In a legal battle which could reach the Supreme Court, proceedings issued by Martina Dillon, John McEvoy and Lynda McManus and Teresa Jordan were among the lead cases.
Ms Dillon’s 45-year-old husband, Seamus, was shot dead in a loyalist attack at the Glengannon Hotel in Dungannon, County Tyrone, in 1997.
Mr McEvoy survived a loyalist shooting on the Thierafurth Inn in Kilcoo, County Down, in 1992 which claimed the life of 42-year-old Peter McCormack.
Ms McManus’s father, James, was among those wounded in the Sean Graham bookmakers massacre earlier in the same year.
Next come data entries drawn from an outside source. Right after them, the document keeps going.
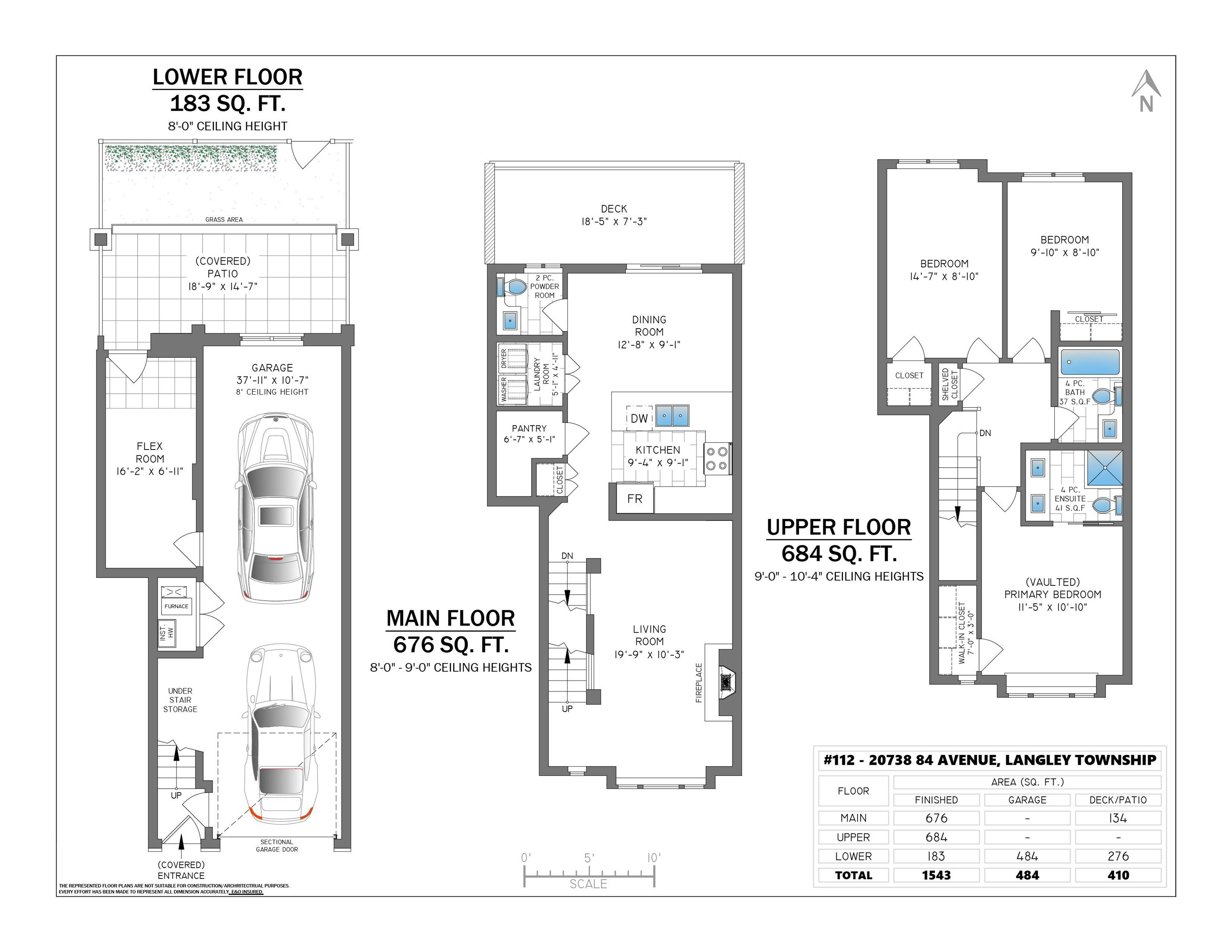 112-20738 84 Avenue, Langley, BC, V2Y 0J6 - 39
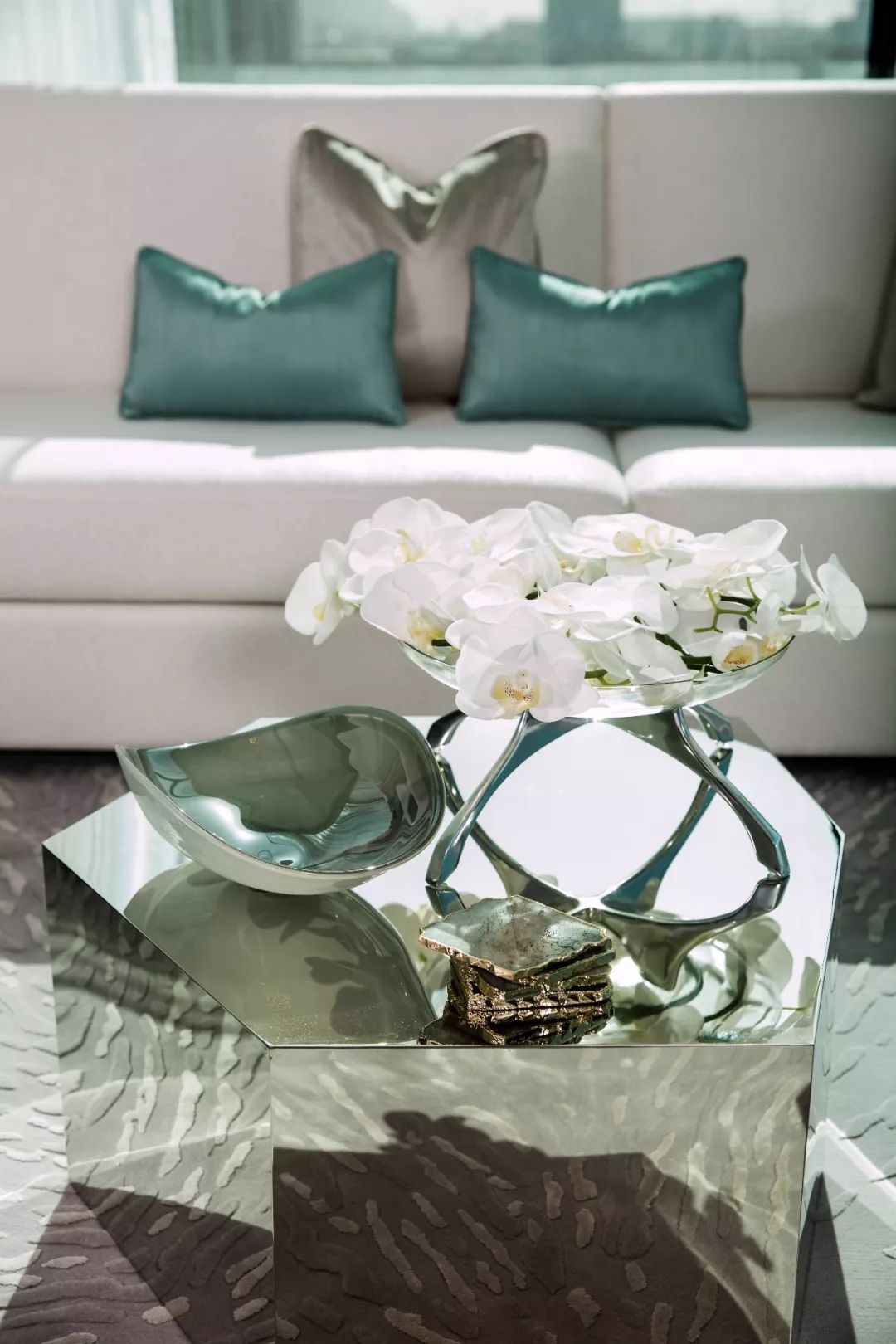 看看迪拜的房子，号称“空中别墅”，最小户型300平米-55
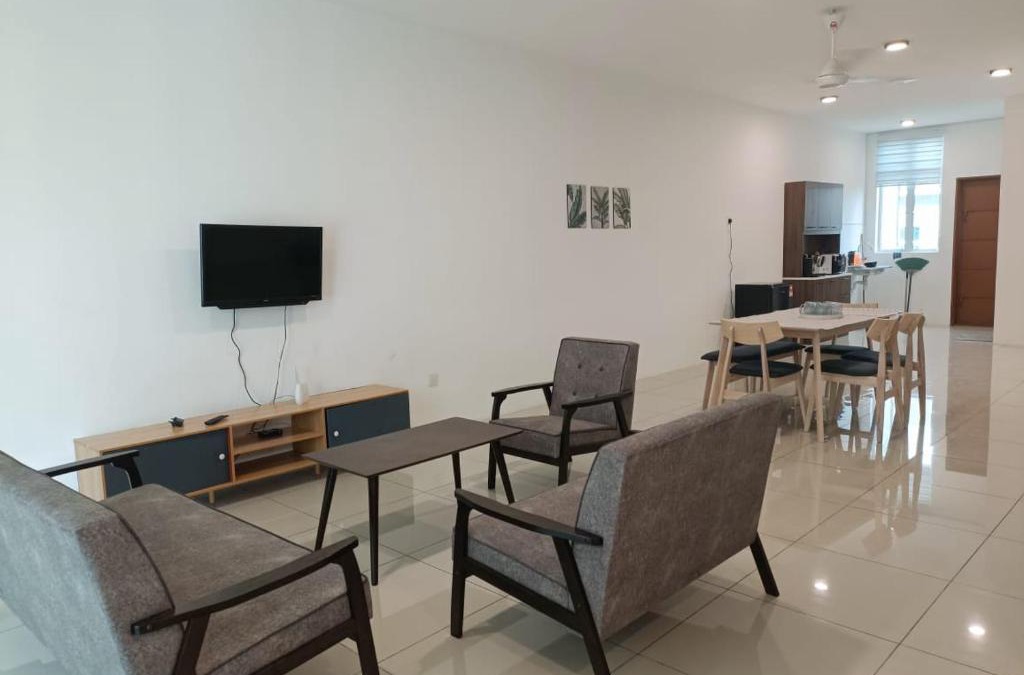 Kulim House | Cozy 4 bedrooms House by Mr Homestay, 3 mins to Kulim Landmark Centre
Five people were murdered when loyalist gunmen opened fire inside the betting shop on the Ormeau Road in south Belfast.
Legal action was also taken by Teresa Jordan, the mother of IRA Volunteer Pearse Jordan, who was shot dead by an RUC man on Belfast’s Falls Road in November 1992.
With two members of the RUC previously reported to prosecutors for suspected perjury and perverting the course of justice offences, the Act would prevent them from facing potential charges or trial.
Justice Colton ruled that the bar on any criminal investigation, prosecution or punishment of offenders unlawfully breached the human rights of the dead man’s mother, Teresa Jordan.
During the eight-day hearing, the court was told the Act has subjected all of the victims to further secondary trauma by closing down their hopes of ever securing justice.
The new law is flawed, legally offensive and “legitimises” killings carried out by British soldiers who can “triumphantly” glorify their crimes without remorse or fear of prosecution, the court heard.
The Act is strongly opposed by all of the North’s main political parties, the Dublin government, US politicians and human rights groups.
While the court did not dismiss the possibility that the supposed new reconciliation body could carry out human rights compliant investigations, and a May deadline still looms for ongoing inquests, the ruling should already be enough to ensure the legislation will be scrapped when a change of government takes place in London.
As well as ending damning revelations of its actions during the conflict, such as the murder of GAA official Sean Brown in 1997, the British government has struggled to cut down on compensation payouts, such as the “significant” settlements reached this week with two victims of collusion, John Toland and James Loughrey, with ‘no admission of liability’ by the Crown Forces.
Mrs Dillon, whose partner is another suspected victim of a collusion killing, said it had been a “long 26 years”.
“ I ain’t going nowhere. No government and no court is going to put me down. I think my husband is entitled to truth and justice and that is the last and only thing I can give him,” she said.